• Available data:

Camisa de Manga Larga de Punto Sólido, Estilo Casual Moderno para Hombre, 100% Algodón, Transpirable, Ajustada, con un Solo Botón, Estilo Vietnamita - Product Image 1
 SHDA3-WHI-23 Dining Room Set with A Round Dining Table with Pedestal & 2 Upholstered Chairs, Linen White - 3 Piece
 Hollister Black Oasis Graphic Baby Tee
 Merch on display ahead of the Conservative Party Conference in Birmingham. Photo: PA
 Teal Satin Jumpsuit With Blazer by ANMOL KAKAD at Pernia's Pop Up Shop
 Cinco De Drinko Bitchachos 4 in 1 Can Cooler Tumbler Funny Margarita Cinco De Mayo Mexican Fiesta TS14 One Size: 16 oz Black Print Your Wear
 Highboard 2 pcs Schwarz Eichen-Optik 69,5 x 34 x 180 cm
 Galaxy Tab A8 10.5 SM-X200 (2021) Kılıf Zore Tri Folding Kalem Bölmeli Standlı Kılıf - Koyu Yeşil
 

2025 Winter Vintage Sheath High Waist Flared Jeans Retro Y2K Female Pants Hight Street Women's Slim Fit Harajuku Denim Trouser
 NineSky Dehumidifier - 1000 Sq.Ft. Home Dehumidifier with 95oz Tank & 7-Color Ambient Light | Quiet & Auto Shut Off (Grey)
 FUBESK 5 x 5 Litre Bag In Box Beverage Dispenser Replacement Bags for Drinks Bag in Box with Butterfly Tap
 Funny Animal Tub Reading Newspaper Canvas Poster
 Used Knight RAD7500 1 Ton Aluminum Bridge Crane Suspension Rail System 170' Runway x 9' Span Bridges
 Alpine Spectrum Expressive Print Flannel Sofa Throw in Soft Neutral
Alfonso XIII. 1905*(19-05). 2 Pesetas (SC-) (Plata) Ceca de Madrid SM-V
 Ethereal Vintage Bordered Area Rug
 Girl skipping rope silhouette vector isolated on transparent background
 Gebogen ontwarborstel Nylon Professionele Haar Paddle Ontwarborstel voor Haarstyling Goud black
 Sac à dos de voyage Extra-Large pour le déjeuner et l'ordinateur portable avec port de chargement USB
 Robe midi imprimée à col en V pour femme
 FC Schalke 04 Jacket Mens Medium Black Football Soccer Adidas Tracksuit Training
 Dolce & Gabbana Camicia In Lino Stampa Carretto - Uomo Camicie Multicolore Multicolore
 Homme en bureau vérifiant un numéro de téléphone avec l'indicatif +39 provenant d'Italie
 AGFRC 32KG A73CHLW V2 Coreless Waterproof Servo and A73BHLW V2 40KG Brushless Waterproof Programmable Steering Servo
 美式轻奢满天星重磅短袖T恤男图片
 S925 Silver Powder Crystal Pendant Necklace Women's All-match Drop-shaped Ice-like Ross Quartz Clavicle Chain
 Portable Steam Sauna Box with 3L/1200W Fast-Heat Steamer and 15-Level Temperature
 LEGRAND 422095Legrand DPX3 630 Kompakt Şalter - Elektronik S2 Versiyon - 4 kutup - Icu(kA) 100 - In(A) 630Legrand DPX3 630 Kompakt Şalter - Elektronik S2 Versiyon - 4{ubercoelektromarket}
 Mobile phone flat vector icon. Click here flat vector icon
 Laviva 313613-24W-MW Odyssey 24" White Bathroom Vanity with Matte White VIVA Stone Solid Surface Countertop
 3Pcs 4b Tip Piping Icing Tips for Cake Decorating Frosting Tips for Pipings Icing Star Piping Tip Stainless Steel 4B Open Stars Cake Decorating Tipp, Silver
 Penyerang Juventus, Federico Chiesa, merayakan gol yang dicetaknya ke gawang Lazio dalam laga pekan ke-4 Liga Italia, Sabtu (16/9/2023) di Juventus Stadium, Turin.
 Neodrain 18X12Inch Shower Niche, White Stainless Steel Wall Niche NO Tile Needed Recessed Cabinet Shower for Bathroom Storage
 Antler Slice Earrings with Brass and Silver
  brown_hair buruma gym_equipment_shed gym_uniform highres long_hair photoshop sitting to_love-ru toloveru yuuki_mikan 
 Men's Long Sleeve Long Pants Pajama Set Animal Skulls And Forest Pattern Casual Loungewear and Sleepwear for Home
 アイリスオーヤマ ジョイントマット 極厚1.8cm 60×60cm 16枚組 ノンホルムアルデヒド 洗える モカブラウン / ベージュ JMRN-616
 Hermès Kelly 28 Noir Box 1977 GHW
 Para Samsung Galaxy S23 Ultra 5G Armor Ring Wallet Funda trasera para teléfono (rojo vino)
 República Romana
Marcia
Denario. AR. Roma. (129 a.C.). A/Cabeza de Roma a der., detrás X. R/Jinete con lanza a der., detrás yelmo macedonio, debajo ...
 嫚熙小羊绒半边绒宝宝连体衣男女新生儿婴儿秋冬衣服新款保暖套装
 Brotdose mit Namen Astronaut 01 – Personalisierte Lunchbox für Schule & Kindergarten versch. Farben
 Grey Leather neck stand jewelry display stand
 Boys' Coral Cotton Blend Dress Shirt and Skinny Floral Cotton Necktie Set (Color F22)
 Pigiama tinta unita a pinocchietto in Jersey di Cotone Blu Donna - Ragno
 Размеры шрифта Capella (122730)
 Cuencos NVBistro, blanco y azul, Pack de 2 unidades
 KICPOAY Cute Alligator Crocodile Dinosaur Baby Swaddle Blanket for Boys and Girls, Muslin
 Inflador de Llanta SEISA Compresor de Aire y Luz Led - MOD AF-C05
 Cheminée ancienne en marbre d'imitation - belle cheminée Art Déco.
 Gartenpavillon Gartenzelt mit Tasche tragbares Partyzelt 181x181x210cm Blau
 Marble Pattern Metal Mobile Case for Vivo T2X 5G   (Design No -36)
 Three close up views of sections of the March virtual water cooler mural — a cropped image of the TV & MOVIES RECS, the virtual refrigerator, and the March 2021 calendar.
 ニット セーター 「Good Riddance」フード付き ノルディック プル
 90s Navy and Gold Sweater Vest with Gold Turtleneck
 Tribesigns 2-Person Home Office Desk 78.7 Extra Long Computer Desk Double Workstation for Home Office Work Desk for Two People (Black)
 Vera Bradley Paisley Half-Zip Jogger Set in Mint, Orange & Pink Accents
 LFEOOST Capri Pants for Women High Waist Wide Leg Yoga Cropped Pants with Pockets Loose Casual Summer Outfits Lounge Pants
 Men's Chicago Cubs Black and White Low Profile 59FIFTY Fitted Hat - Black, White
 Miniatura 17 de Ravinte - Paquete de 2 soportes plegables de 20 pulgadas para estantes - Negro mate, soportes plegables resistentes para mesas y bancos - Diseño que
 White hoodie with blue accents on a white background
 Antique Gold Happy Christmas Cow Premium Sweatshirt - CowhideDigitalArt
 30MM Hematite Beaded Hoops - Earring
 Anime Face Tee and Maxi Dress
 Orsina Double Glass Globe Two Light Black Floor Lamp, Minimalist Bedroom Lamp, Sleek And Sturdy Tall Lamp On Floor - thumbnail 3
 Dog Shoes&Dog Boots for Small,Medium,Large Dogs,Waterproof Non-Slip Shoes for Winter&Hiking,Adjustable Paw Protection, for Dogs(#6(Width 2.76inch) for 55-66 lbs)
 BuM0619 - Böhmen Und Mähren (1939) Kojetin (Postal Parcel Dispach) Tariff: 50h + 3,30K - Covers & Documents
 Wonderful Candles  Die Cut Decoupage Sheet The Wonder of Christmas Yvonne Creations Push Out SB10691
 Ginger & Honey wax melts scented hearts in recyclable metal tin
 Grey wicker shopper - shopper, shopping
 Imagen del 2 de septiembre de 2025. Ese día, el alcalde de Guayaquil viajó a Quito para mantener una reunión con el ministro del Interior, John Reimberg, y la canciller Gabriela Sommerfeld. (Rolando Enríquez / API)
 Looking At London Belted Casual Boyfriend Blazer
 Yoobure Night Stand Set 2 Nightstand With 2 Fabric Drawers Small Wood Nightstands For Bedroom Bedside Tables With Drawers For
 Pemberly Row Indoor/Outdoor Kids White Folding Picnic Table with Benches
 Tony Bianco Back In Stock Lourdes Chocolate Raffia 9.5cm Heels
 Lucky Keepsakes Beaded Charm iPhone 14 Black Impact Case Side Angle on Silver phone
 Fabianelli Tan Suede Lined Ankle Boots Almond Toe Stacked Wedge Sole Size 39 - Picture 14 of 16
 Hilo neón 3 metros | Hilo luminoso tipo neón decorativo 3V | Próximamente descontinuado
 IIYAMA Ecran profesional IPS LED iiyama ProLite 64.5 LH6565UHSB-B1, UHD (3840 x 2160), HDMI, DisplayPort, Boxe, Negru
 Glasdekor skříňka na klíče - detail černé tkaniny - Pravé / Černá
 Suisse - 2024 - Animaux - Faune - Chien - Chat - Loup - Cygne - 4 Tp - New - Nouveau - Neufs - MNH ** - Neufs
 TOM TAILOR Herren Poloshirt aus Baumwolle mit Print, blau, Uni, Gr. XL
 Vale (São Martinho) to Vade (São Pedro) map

• Problem: The required output is a copy of each line in the records where the string "Animal" occurs.

• Answer to the problem:
 Funny Animal Tub Reading Newspaper Canvas Poster
 Men's Long Sleeve Long Pants Pajama Set Animal Skulls And Forest Pattern Casual Loungewear and Sleepwear for Home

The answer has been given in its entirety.